Now that that's out of the way, let's start with the numbers:
Strategy and Randomness are rated from 0 to 6. A 0 means the rated aspect plays no part in determining the game's outcome; and a 6 means that it is the only factor that determines the game's outcome. Complexity is also rated from 0 to 6; a 0 means that it's so simple a six-year-old can play it, a 3 means any adult should have no trouble playing, and a 6 means that you'll need to refer to the rulebook frequently. Humour can be rated as 'None,' meaning the game is not meant to be funny, or it may have one or more of the following: Derivative (meaning the humour is based on an outside source, such as a game based on a comedy film), Implicit (meaning that the game's components are funny, such as humourous card text), or Inherent (meaning that the actions the players take are funny). Attractiveness has nine possible ratings. Ideal: the game is beautiful and makes game play easier. Pretty: The design is beautiful and neither eases nor impedes game play. Nice: The design is beautiful but makes game play harder than necessary. Useful: The design is neither beautiful nor ugly, but eases gameplay. Average: The design is neither beautiful nor ugly, and neither eases nor impedes gameplay. Useless: The design is neither beautiful nor ugly, but makes gameplay harder than it needs to be. Utilitarian: The design is ugly, but eases gameplay. Ugly: The design is ugly, and neither eases nor impedes gameplay. Worthless: The design is ugly, andmakes gameplay harder than it needs to be. Average Length of Game Play describes how long an average game will probably last, give or take. Gamer Profile Ratings measures how strongly a game will appeal to players based on their interest in one of four areas. These areas are measured as High, Medium, or Low. Strategy describes how much a game involves cognitive challenges, thinking and planning, and making sound decisions. Conflict describes how much direct hostile action there is between players, from destroying units to stealing resources. Social Manipulation describes how much bluffing, deceiving, and persuading there is between players. Fantasy describes how much a game immerses players in another world, another time.

Strategy: 4
Randomness: 2
Complexity: 1
Humour: None
Attractiveness: Pretty
Average Length of Game Play: 1 hour
Gamer Profile Ratings:
  Strategy: Medium
  Conflict: Medium
  Social Manipulation: Low
  Fantasy: Medium

An Overview of Plague Inc.


A view of the game board during a game in progress.
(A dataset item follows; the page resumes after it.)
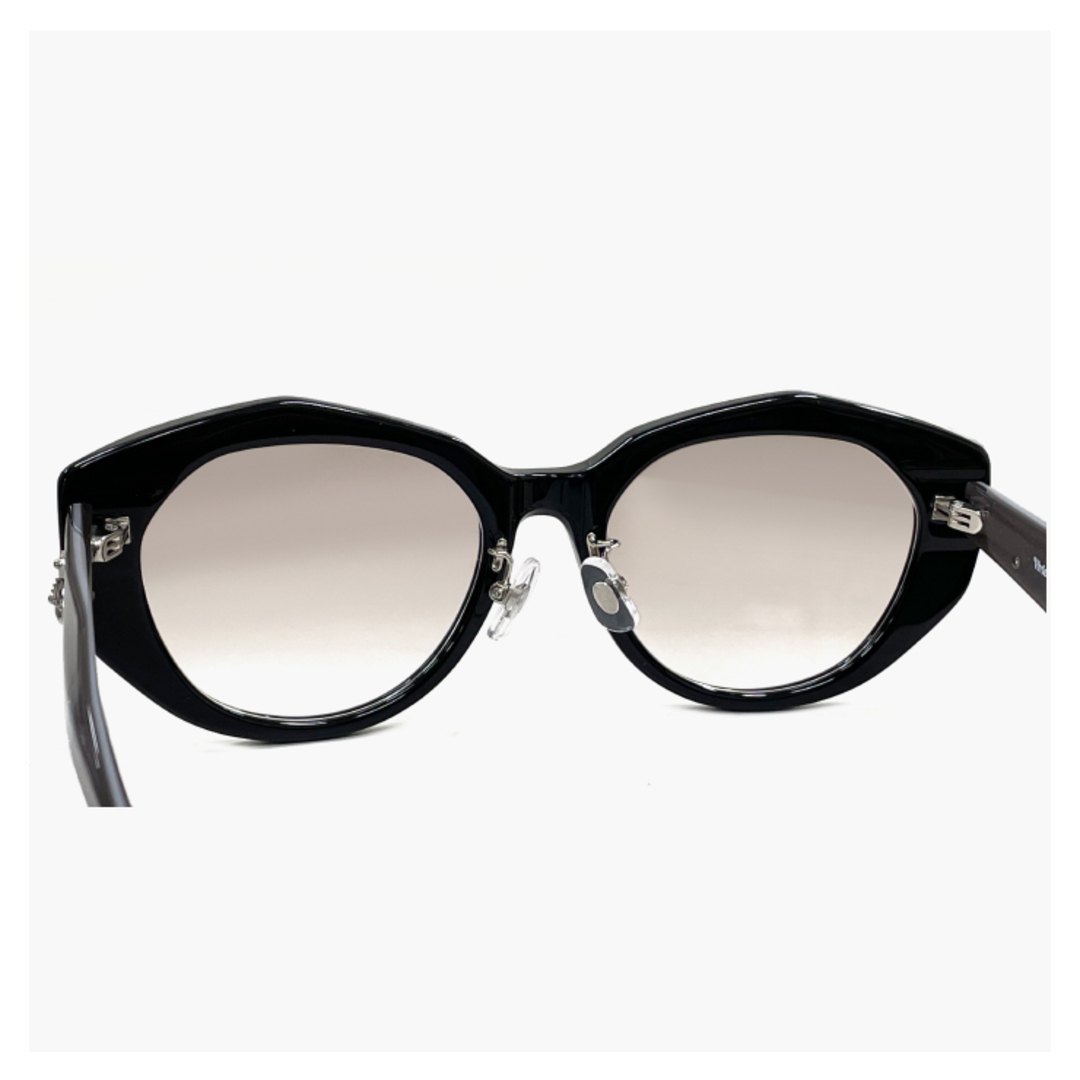 Vivienne Westwood(ヴィヴィアンウエストウッド)の【新品】 41-5002 c03 54mm レディース ヴィヴィアン ウエストウッド サングラス ミラーレンズ Vivienne Westwood uvカット 紫外線対策 キャットアイ フォックス 型 フレーム 小さめ 小さい サイズ オーブ 黒 ブラック アジアンフィット モデル レディースのファッション小物(サングラス/メガネ)の商品写真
The board consists of a scoring track around the edge, stylised to resemble a looped strand of DNA, with each 'space' made up of a section of the DNA between twists. The rest of the board is covered with twenty five spaces on which cards can be placed, overlaid on an image of the world map in red, grouped by continent: three spaces for North America, four spaces for South America, five spaces each for Europe, Asia, and Africa, and three spaces for Oceania. There are several Country cards on the board (only seven spaces are empty in total). These cards are marked with clusters of varying numbers (from three to seven) of hexagonal icons, with the icons on some of them marked with a sun symbol or a snowflake symbol. Most of the hexagonal icons are occupied by a plastic token, also hexagonal, in one of five colours: blue, green, red, yellow, or purple. Above the game board can be seen part of a play mat which contains several types of cards: a stack of yellow Event cards, a stack of red Trait cards, a stack of blue Country cards, and three additional country cards face up waiting to be chosen. Around the board can be seen some additional components (claimed or discarded Country cards, more plastic tokens, the Death Die—a standard six-sided die, white with red flecks—and portions of players' Evolution Slide play mats).
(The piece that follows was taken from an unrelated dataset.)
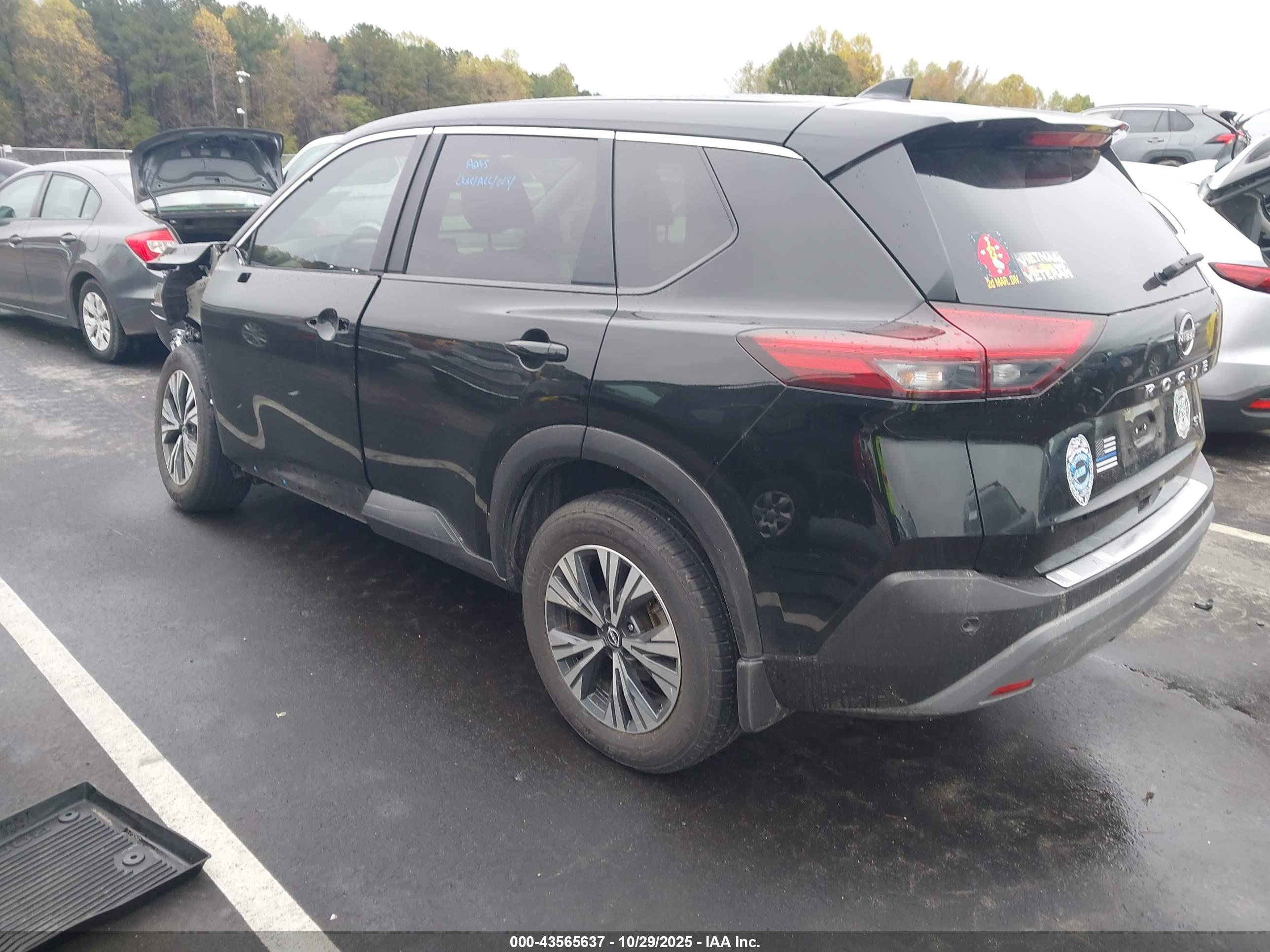 NISSAN ROGUE image 3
This game is, in a sense, the inverse of Pandemic. Instead of playing doctors trying to cure diseases, in Plague Inc., you take on the role of a disease trying to wipe out the world. Each player starts with a basic disease, which they can upgrade with new genetic traits, and spreads from country to country, gaining points for controlling countries and for wiping out the population of a country. After the deck of Country cards has been exhausted, play continues for a few rounds and then the player with the most points is declared the winner.

Like I said, a fairly simple game. But it can be pretty challenging despite that simplicity!

Gameplay

The yellow player's Evolution Slide. An image of a magnified bacterium on the top, with the 'core traits' (two listings of 'Infectivity +1' and one listing of 'Lethality +1') in the top left corner, five spaces to place Trait Cards (two of which, currently unoccupied, grant abilities so long as they remain unoccupied), three of which contain Trait Cards, and a Turn Summary listing along the right edge of the mat. The trait cards have a cost/point value in the upper left corner, next to which is the card's name (these three are Confusion, Mass Hysteria, and Blindness), and one or more abilities listed on the bottom (Confusion has 'Airborne' and 'Cold Resistance,' Mass Hysteria has 'Infectivity +1,' and Blindness has 'Lethality +1'). Some Event cards, unused Trait Cards, and a claimed Country Card, as well as some of the hexagonal yellow tokens, can be seen on the table nearby.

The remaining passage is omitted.